Re:What do you want out of life? CoryL: I don't want anything out of life. Life doesn't owe me anything.
That said, I want to show life who I am and what I bring to the table.
I want life to know that despite being knocked down hard by my stbxw cheating on me, I have gotten back up and I am still here.
I want life to know that I am successful with my business and I will continue to be.
I want life to know that I will find love again and it will be deep and true.
I want life to know that once I find that love, I want children and will raise them as a good father.
I want life to know that I am thankful for what I have and who I am and that I wouldn't change anything that has happened for my own self-satisfaction. I'm playing the cards I was dealt as best I can.
Cory
Re:What do you want out of life? tarasan: Success used to be the most highly motivating factor for me thinking that would make the family happy. Then I had a nervous breakdown from working too much and realized I had to totally restructure my way of thinking and picked up Anthony Robbins book Awaken The Giant Within. Now I know some people may not believe in these types of books but he has a way of pointing out values and deciding in what order to place them.
Love became my first one, towards my family and as many people as I could reach.
Intimacy became number two
Passion number three
Adventure number four
Health five
Comfort six
and you get the idea.

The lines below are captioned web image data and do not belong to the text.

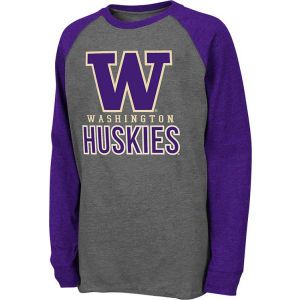Washington Huskies Colosseum NCAA Youth Sweep Long Sleeve T Shirt
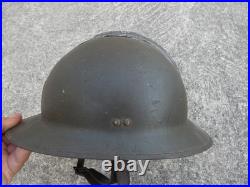 Casque Adrian Mle 1926 Infanterie Complet dans son Jus Taille 58 59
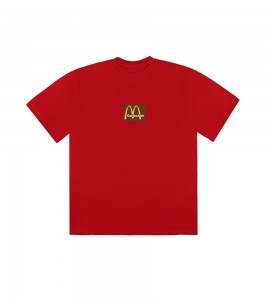 Футболка Travis Scott x McDonald's Sesame Inv III Red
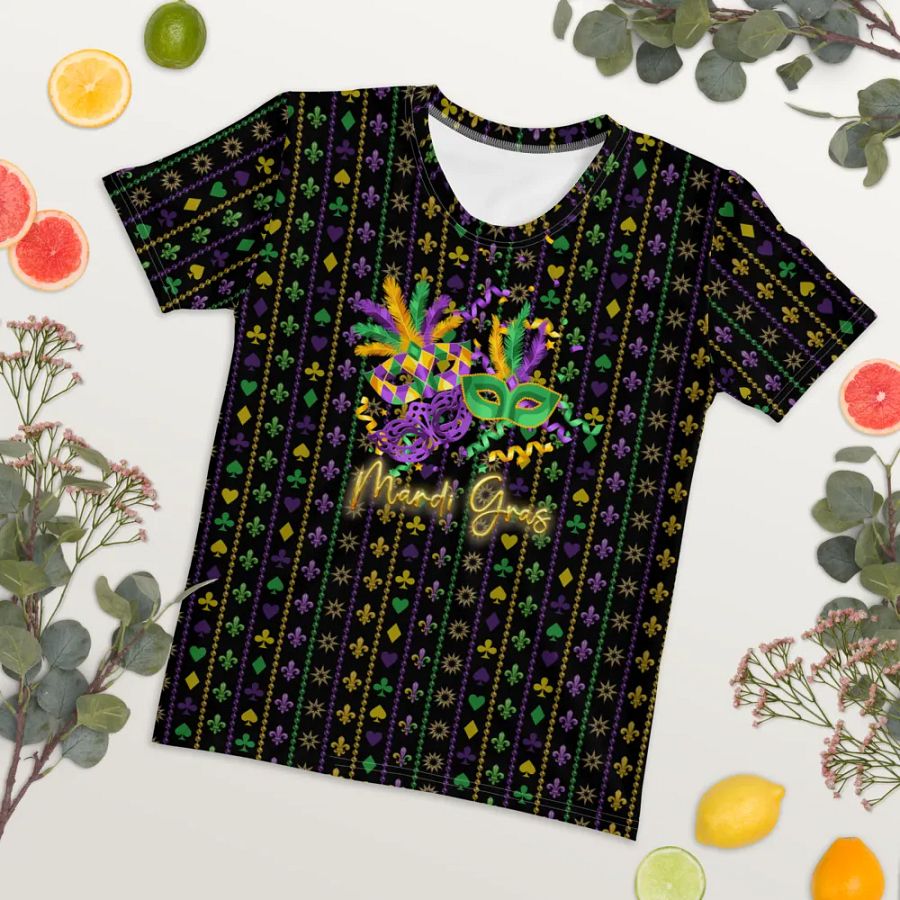 Mardi Gra All Over Print T-shirt product image (5)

I found that by doing this and practicing it a little like an assignment things sort feel more into place and I felt a hell of a lot better. I am totally in love with my family and appreciate my wife so much more. Taken time with the kids to fun and silly stuff, got involved with meaningful charities that have made me feel wonderful to be helping people/children that really need it. Listening, getting passionate and discussing with people ideas, thoughts everything. But then my wife lowered a bombshell about leaving me a few days ago and right now I seem to have regressed to a point where this is the worst I feel.
To try and pull out of this is going to be the hardest thing but I think that is why values and plans have to be constantly reevaluated so that you can keep yourself up because if you do that you will be a great person for all those around you especially your kids. Right now I am not that person and even if I tell myself that the most important people are my children (and don't get me wrong they are but in a different way) it has to be you as the most important person (in a positive way of course) and that way every time you are around or doing things with your kids and family it becomes so memorable for them because focusing on the positive side of yourself really extends into doing everything for or with them into the most wonderful experiences each and every time. Sorry for blathering so much and probably reiterating but to have come so far and be knocked down to below rock bottom makes you think a little excessively.